In either XT1 or XT2, you can create a transaction function which can attach transaction metadata to your entities, or insert extra documents so that you can link the transaction to the created entities.
• https://v1-docs.xtdb.com/language-reference/1.24.3/datalog-transactions/#transaction-functions
• https://docs.xtdb.com/reference/main/xtql/txs.html#_call
XT1 doesn't have tables, but it does have the open-tx-log
API which you can use to scan for modified entities
Would it be feasible to have an extremely lightweight backend if only a single user would be allowed to run the in-memory version of XTDB v2 and only they would interact with it? I'm not talking about lambda functions but a backend that would basically run for each user (in theory) (for instance user fetches their account and then does a couple of joins on two tables and so on). What I'm thinking is that you mentioned the offloading of the working memory to object storage. What if it would be very aggressive and would only store the data items that were queried by the user? This would mean that XTDB v2 would be hostable in a very tiny "scope". Or maybe... agressive to not cache any objects at all and only query them on demand every time? What do you think about it? Maybe there is a good opinion about it? Would the increased incoming tx bandwidth offset the pros of this design? Would each XTDB instance need to have their own S3 bucket (or equivalent)?

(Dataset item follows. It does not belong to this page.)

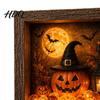 Gothic Shadow Box Night Light DIY Lighted Halloween Ghost Kit Wooden Frame LED Warm Light Crystal Glass Display Case Memory with Panel Decorative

Ah, sorry @U028ART884X: it's the non-working set that gets offloaded to object-storage - each node keeps its working set as local as possible so that it can respond to queries quickly. > This would mean that XTDB v2 would be hostable in a very tiny "scope". It would, yeah... This is something we could have optimised for, but I suspect this would mean quite a different database, in terms of the tradeoffs and constraints we were working with.
(openly, now wondering exactly what it'd take for us to do something like this! :thinking_face:)

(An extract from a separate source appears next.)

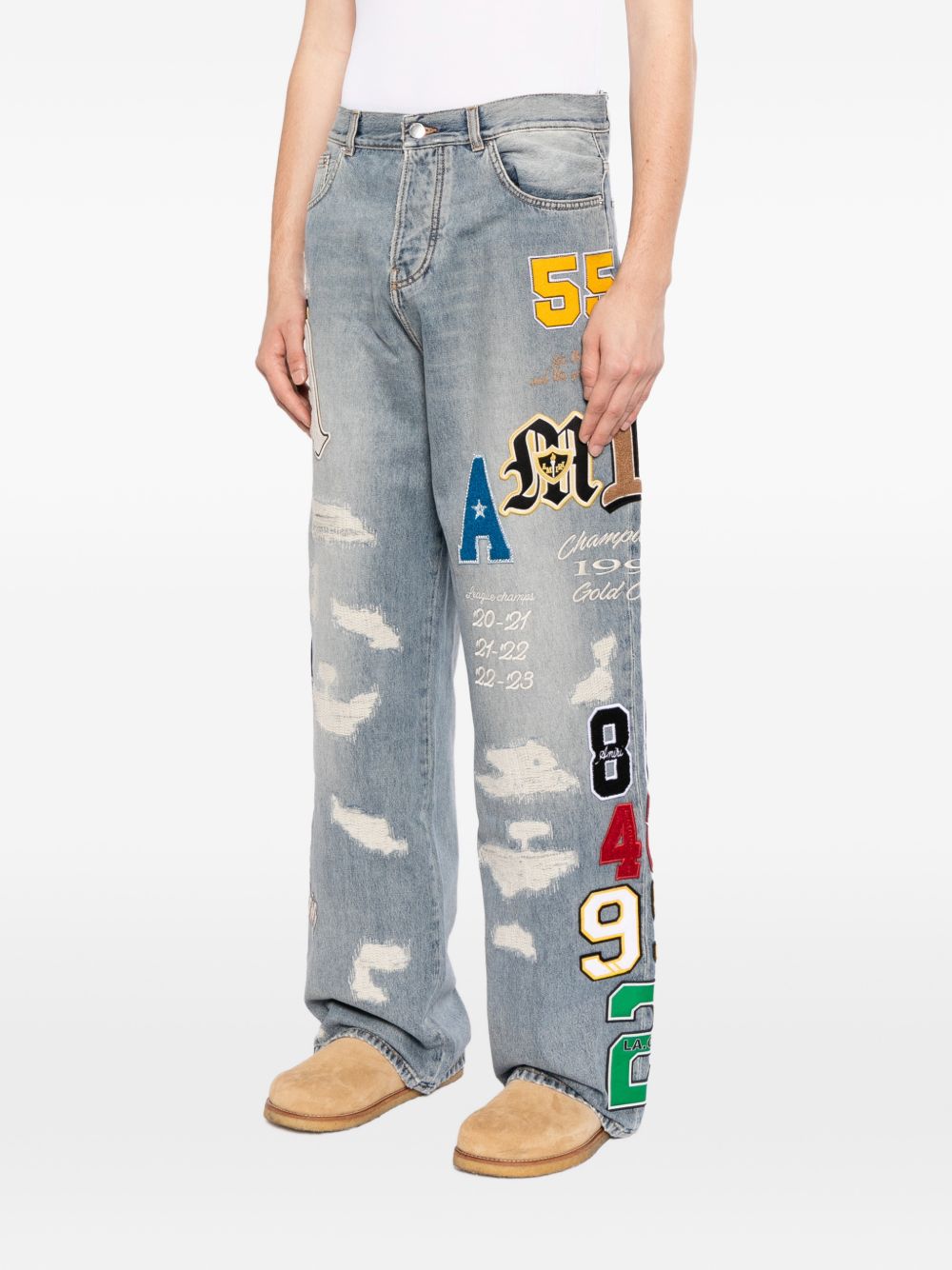 varsity-patch jeans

There's certainly a few decisions we've taken so far which work against us, here - things like the page/file sizes, the on-disk format, the batchiness of the query engine - things which are (obv) more optimised for the deployment style we're recommending
If the goal here is multi-tenancy, it might be preferable to run one large XT instance instead, if that XT instance could also provide safe, fine-grained authn/authz (as we're aiming to do - but obviously aware we don't have that atm)
I'm thinking whether it would be possible to run XTDB inside the backend nodes and have all of these nodes very small and very disposable. i.e. the object storage and DB's snapshots would live separately in some kind of durable service (S3 or other), the MQ would keep the WAL (let's say it's Kafka) and then the Backend part would contain XTDB-inmem and backend logic in one node. If I'd want to implement this via my own event loop then I'd need to shard my data. But maybe this object offloading could allow for me to not need to think about sharding my data and instead it would "just work" by allowing the business logic to "use the data that it needs to use". I'd also want to keep the tx listener in that Backend node so that I'd be able to react to changes in WAL. This would of course mean that the MQ would have to send everything to every node. Buf first let's see if this is even possible.
I think that what I tried to describe is just a Single-leader replication with more steps and storage lock-in. The ultimate thin backend node is a stateless one. Because if S3 would be shared then only a single writer should be able to write into it and other nodes would listen to that leader to read the indexes that are produced on S3. And all of this still means that the ingestion speed won't be faster than just piping through a MQ. The only difference is that something like PostgreSQL doesn't provide the WAL listener channel to the backend node.